Org is primarily a system for taking and managing notes in Emacs
(especially but not exclusively structured notes like task lists and
instruction steps). People use it for outlines (from whence it was
born), but also for research notes, papers, and books, among other

Over the years, it has grown extra support for things like exporting
to various presentation formats like PDF, print, and the web; for
including marked-up, live, and/or runnable “chunks” of types other
than plain text (live-calculating tables, runnable code examples,
live-computed graphs from external sources); and for importing (called
“capturing”) bits from external sources like web browsers and PDFs.
Each of these extra pieces was added to address a desire to manage
more things using Emacs.

I do understand that looking at a (long!) list of org-related
packages, or looking at a (similarly long) list of org-related
features, it does seem like (for example) many of those importing or
exporting features could have been general Emacs features instead of
org-specific features. In some of those cases, this is almost
certainly true, but the practice is a bit more nuanced, because
usually those org features are glue between existing Emacs features
and the org structure that makes it easy for everything to work
together inside org (and also work inside Emacs without org).

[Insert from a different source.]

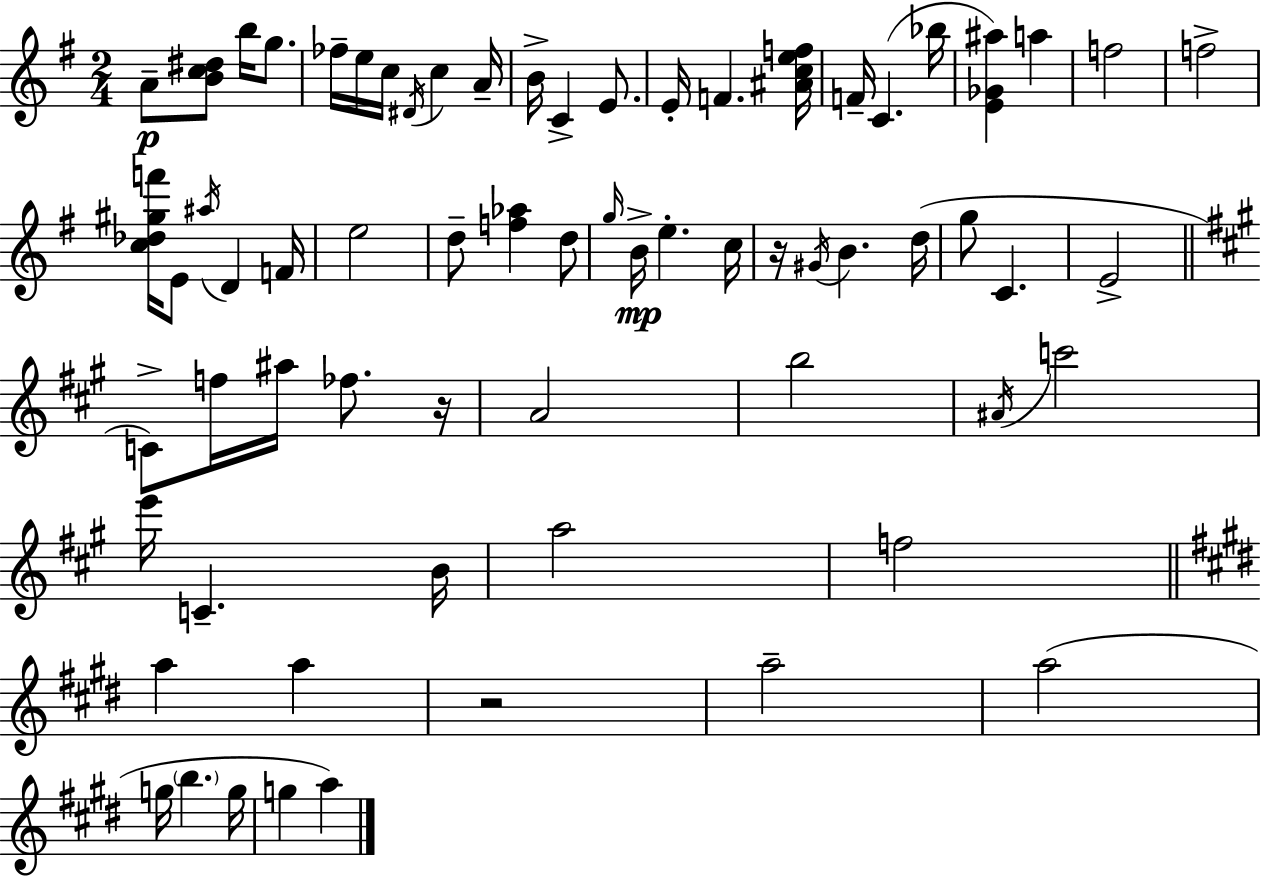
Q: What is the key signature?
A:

Put another way: there are many parts of Emacs (outside org) that let
one use Emacs to interface with other parts of the world (both import
and export). Org provides a way to put *those* parts together, in a
manner that is both (relatively) simple and coherent.

*I believe* this is why there’s so much misunderstanding on this
topic: while it’s undoubtedly true that the software design of org
could be improved in hindsight, it’s very hard for the people deeply
involved in the org parts to see how the “glue that lets you combine
many disparate parts into one unifying structured approach” could
(much less “should”) have been designed as separate parts.